13/06/2007 01:32
Técnicos da Secretaria do Tesouro Nacional (STN) estão no Ceará a pedido do Governo do Estado. O secretário da Fazenda, Mauro Filho (PSB), e a titular da pasta de Planejamento e Gestão, Silvana Parente, mostram as contas do governo com um intuito: convencer os técnicos que o Estado pode aumentar sua capacidade de endividamento.
O líder do governo, o deputado Nelson Martins (PT), contou que no final do ano passado o governo Lúcio Alcântara (PR) assinou o Programa de Ajuste Fiscal (PAF) do governo federal.

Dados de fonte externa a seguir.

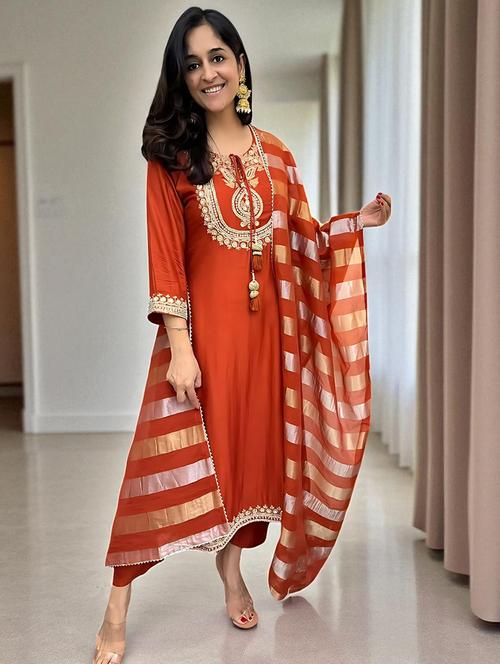 women embroidered three quarter sleeve kurta pant with dupatta set - 22084532 - Very Small Image - 1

Isso compromete a capacidade endividamento do Ceará. "Isso prejudica o desenvolvimento do Estado", declarou Nelson.
Com a assinatura do PAF, o Ceará só pode ter dívida uma vez maior do que a receita líquida real (RLR), que é menor do que a receita corrente líquida (RCL). Hoje a RCL é de 6,1 bilhões. Isso significa que o Estado pode, portanto, se endividar apenas mais R$ 780 milhões. Hoje a dívida do Estado é 70% da RCL. "Fica muito apertado. Não só o Ceará, mas os Estados do Nordeste como um todo querem rever esse endividamento", disse Nelson.
Mas o governo Cid Gomes (PSB) está de olho em empréstimos do Banco Mundial e do Banco Interamericano de Desenvolvimento. No total, a cifra chega a R$ 2,5 bilhões, sem contar outros empréstimos de R$ 1 bilhão com bancos nacionais.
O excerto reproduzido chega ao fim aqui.